AG announces Community-Based Services Consortium to benefit confined youth

TRENTON, NJ — Attorney General Gurbir Grewal announced March 2 a transformative step in New Jersey’s juvenile justice system through the creation of a Community-Based Services Consortium that will bring a wide array of prosocial programs to youth in secure care settings and residential community homes operated by the Juvenile Justice Commission. The skills, habits, and knowledge that young people develop through these activities will foster self-esteem and resilience while also strengthening ties to their communities.

The JJC manages a continuum of care that includes three secure facilities and 10 residential community homes that provide programming, support and opportunities designed to help youth grow and thrive, and return home as independent and productive members of their communities.

Last year, the JJC announced its intent to develop a consortium of community-based service providers to engage youth in a variety of activities that support personal growth and development. A competitive funding opportunity resulted in the selection of 17 providers with a focus on those in locations where JJC youth will reside when they return home. The providers all have strong ties to their communities and have made significant investments to support and transform individuals and families. This focus has ensured that the service providers themselves are representative of the youth of color who comprise the majority of the JJC’s youth. Providers with specific understanding of female youth are also an important part of the consortium, with many services being provided by women of color.

As a result of the public health crisis, the JJC emphasized the importance of providers offering services virtually and transitioning to in-person service delivery when appropriate. The providers include individuals, businesses and nonprofit organizations that offer educational, engaging and unique programmatic opportunities for youth.

In early 2021, consortium members will begin providing services in the following categories: art and design; media; sports and physical recreation; language arts; music; culture; drama and theater; and self-care and wellness.

“Bringing more community-based services to the young people in our state’s residential care facilities will not only help prepare them for success when they return home, but will also reduce recidivism,” Grewal said. “With today’s announcement detailing the new and innovative community-based programs available to them, our Juvenile Justice Commission continues to build on the transformational work it is doing to improve the lives of justice-involved youth in our state and reduce the number of young people in its care.”

“The JJC’s Community-Based Services Consortium will enhance the programming and supports currently provided by the JJC through its existing educational and rehabilitative service continuum,” JJC acting Executive Director Jennifer LeBaron said. “Through the wide array of prosocial programs that consortium members will deliver, young people will be afforded the opportunity to expand their horizons and to develop critical connections to community members that strengthen the supports available to them upon returning home. Opportunity and support are key to achieving positive outcomes among youth involved in the juvenile justice system.”

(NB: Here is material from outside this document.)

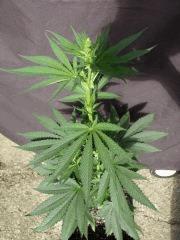 DSCF7768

Among the Community-Based Services Consortium members is Universe Konadu of Newark. Universe Konadu is dedicated to empowering girls and women by providing mentorship, self-care tools, character/social skills development, independent living skills, and access to post-secondary education opportunities, internships and business ownership. Specifically, the SEEDS! Peer-to-Peer program is designed to empower those who have experienced trauma to take responsibility and shape their futures. Personalized small group mentoring sessions focus on education planning, financial literacy, goal-setting, leadership, decision-making, critical thinking, problem-solving, effective communication, stress and anger management, interpersonal relationship skills, empathy/compassion for others, and social justice.